Psychopharmacological treatment of personality disorders

José Francisco Navarro and María Cavas

University of Málaga (Spain)

 

Recent psychobiological studies indicate that pharmacotherapy could be useful for the treatment of personality disorders. In this paper, the results of clinical pharmacological studies are reviewed according to DSM-IV axis-II categorization, which classified the personality disorders into three clusters: A (paranoid, schizoid and schizotypal), B (antisocial, borderline, histrionic and narcissistic) and C (dependent, avoidant and obsessive-compulsive). Although few controlled studies have been conducted in cluster A personality disorder, low doses of antipsychotic drugs might be useful in these patients. Most studies have been carried out in cluster B, and especially in borderline personality disorder. Partial positive results have been obtained using neuroleptics, antidepressants, benzodiazepines (alprazolam) and antimanic drugs. Finally, in cluster C, some isolated studies suggest a favourable clinical effect of antidepressants (especially SSRIs and venlafaxine) and benzodiazepines.

 

 

Cognitive-behavioral treatments for personality disorders

Vicente E. Caballo

University of Granada (Spain)

 

The treatments available for personality disorders are varied, but, in general, they are not very effective. Current studies offer some guidelines for the treatment of personality disorders that are described here together with some of the cognitive-behavioral procedures used for the modification of these problems. While some disorders are difficult to modify (e.g., schizoid, antisocial or narcissistic personality disorders), others have structured programs of treatment that make us more optimistic about the effectiveness of interventions (e.g., borderline, avoidant or dependent personality disorders).

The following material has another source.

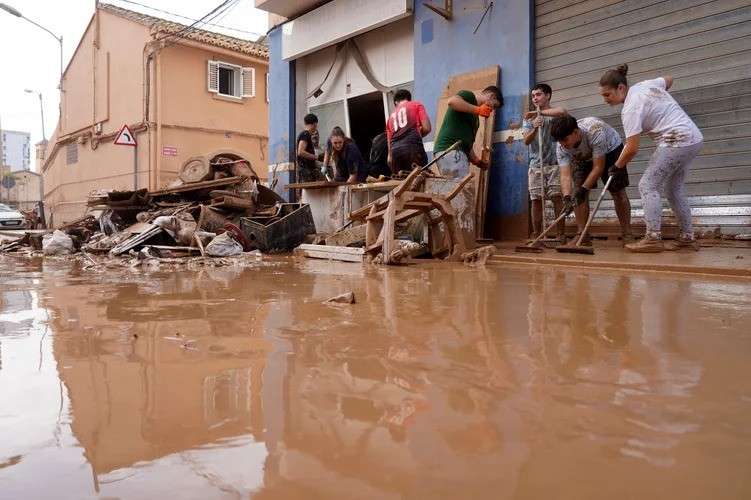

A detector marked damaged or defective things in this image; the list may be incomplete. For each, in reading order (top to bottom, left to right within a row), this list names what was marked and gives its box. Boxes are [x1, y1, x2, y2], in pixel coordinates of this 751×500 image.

broken wooden plank [296, 244, 364, 264]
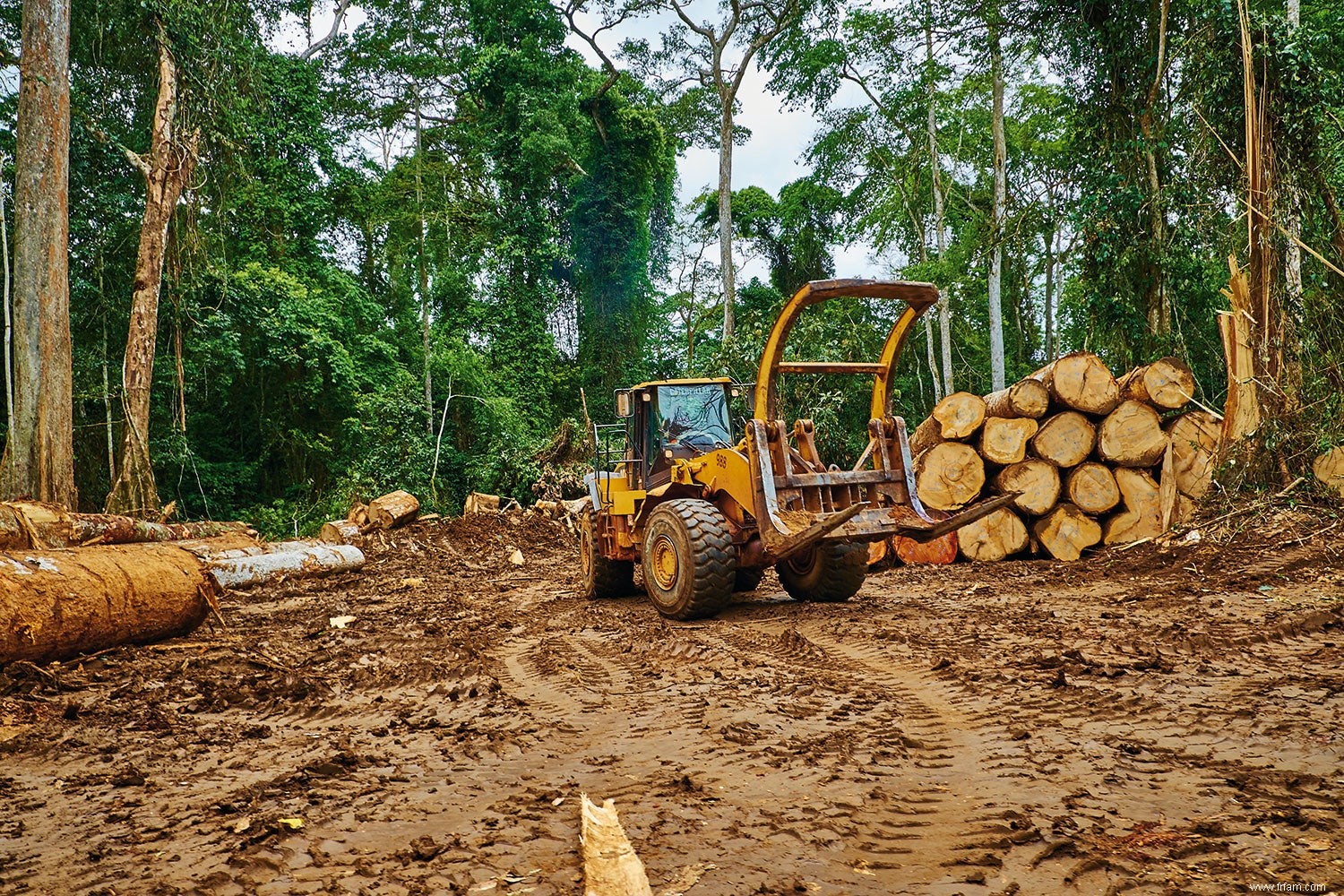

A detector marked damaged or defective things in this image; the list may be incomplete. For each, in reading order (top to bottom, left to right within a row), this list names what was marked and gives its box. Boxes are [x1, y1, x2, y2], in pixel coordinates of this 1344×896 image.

We conclude by pointing out the need for more research on more effective procedures and techniques of intervention for the modification of personality disorders.

 

 

Personality disorders and responsivity to psychological treatment in a severe case of obsessive compulsive disorder

Pedro J. Moreno Gil, Xavier Méndez Carrillo, and Mª Encarnación López Navarro

University of Murcia (Spain)

 

In this paper a case of severe obsessive-compulsive disorder is presented. The patient had alcohol abuse, narcissistic personality disorder and paranoid personality disorder as comorbid conditions. Assessment included Yale-Brown Obsessive-Compulsive scale, Millon Clinical Multiaxial Inventory (second edition), and International Personality Disorders Examination. The psychological treatment was based on cognitive-behavioral and strategic family therapy. The treatment lasted four years and was tailor-made administered. Due to the lack of the patient’s collaboration, the alcohol abstinence and the obsessive-compulsive symptoms were initially treated by means of paradoxical interventions and other strategic family techniques. After obtaining the patient’s collaboration, exposure with response prevention was employed to address the obsessive-compulsive symptoms. These Axis I symptoms were reduced in a clinically significant degree. Paranoid and narcissistic symptoms were treated on the basis of cognitive therapy (Beck and Freeman, 1995) but the clinical change was small. Relations between narcissistic personality disorder, paranoid personality disorder, obsessivecompulsive disorder and their influence in the response to psychological treatment are discussed.